Edited to add: a quick google shows several SDR VOR receivers, so it should be possible to build a transmitter as well. How many antennas do you need? I know the real thing has quite a lot (I sometimes drive by the SJC VOR which is really a monument to something or other) but how many do you actually need? 6?

Last Edited by johnh at 07 Feb 18:42
LFMD, France

Airborne_Again wrote:

huv wrote:
Don’t you get lower system minima?
Yes, but in my experience few NDB approaches have minima that low anyway.

Well I agree. Also I am told that DME does not seem to make a lot of difference for the procedure designer except for stepdown options.

However, it definitely makes a difference for the pilot flying the approach, whether there is a DME to give added situational awareness, or not. To make an approach in IMC with an ADF as the only nav instrument is in principle just as viable today as it was 70 years ago when it was the norm, but I think most pilots today would find it somewhat uncomfortable or downright scary.

Last Edited by huv at 07 Feb 19:32
huv
EKRK, Denmark

huv wrote:

eLORAN would be an ideal low cost backup for GPS as it has very good coverage, is practically unjammable and I guess it would be straightforward to include the receiver in a GPS navigator – but there is no real drive for that yet.

Here is a new legitimate argument in favour of it.

LKBU (near Prague), Czech Republic

UK had VDF approaches, maybe worth getting back to those instead or as addition to HIAL NDB at least someone is watching for you? They still ask in PPL exams about accuracy of VDF in Class A is +/-2deg or +/-5deg, it’s not like there is any Class A CTR now nor VDF controllers in NATS

D&D unit still use “RT fixes” on 121.5 (not even VDF) and they even give QDM to land in any airport (just like PAR), helps some PPL who are caught inside or above clouds or in low visibility flying with map & stopwatch and no transponders (those who never use VOR, GPS or tablet), I heard the story of someone over the channel back from Calais who landed safely in Lydd with QDMs from D&D with simple “RT fixes”, I imagine having a transponder or proper VDF in airport would have been even more easier, maybe better than using GoogleMap

Last Edited by Ibra at 07 Feb 21:28
Paris/Essex, France/UK, United Kingdom

Ibra wrote:

They still ask in PPL exams about accuracy of VDF in Class A is +/-2deg or +/-5deg, it’s not like there is any Class A CTR now nor VDF controllers in NATS

Are you sure that “Class A” refers to the airspace class and not the fix accuracy class? There are class A, B etc. fixes with various accuracy.

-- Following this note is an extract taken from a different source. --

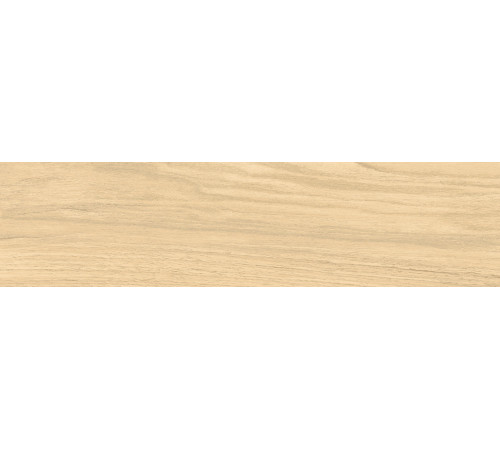 Керамогранит New Trend GP1560ERB11 Merbau Beige 15.1x60.2 бежевый матовый / рельефный под дерево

NATS only handles enroute airspace in the UK, right? In that case it’s unlikely they have VDF. But airport towers may. A few decades ago all towers in Sweden had VDF but there are fewer and fewer now. My impression is that they are kept as long as they work, but if they break they are decommissioned.

(I’ve actually used VDF in anger once when my aircraft’s single NAV receiver stopped working over the Baltic sea. I could certainly have made landfall on dead reckoning, but as I was approaching controlled airspace, VDF seemed like a better bet. And the military airport close to me (ESCM) used to have a VDF instrument approach!)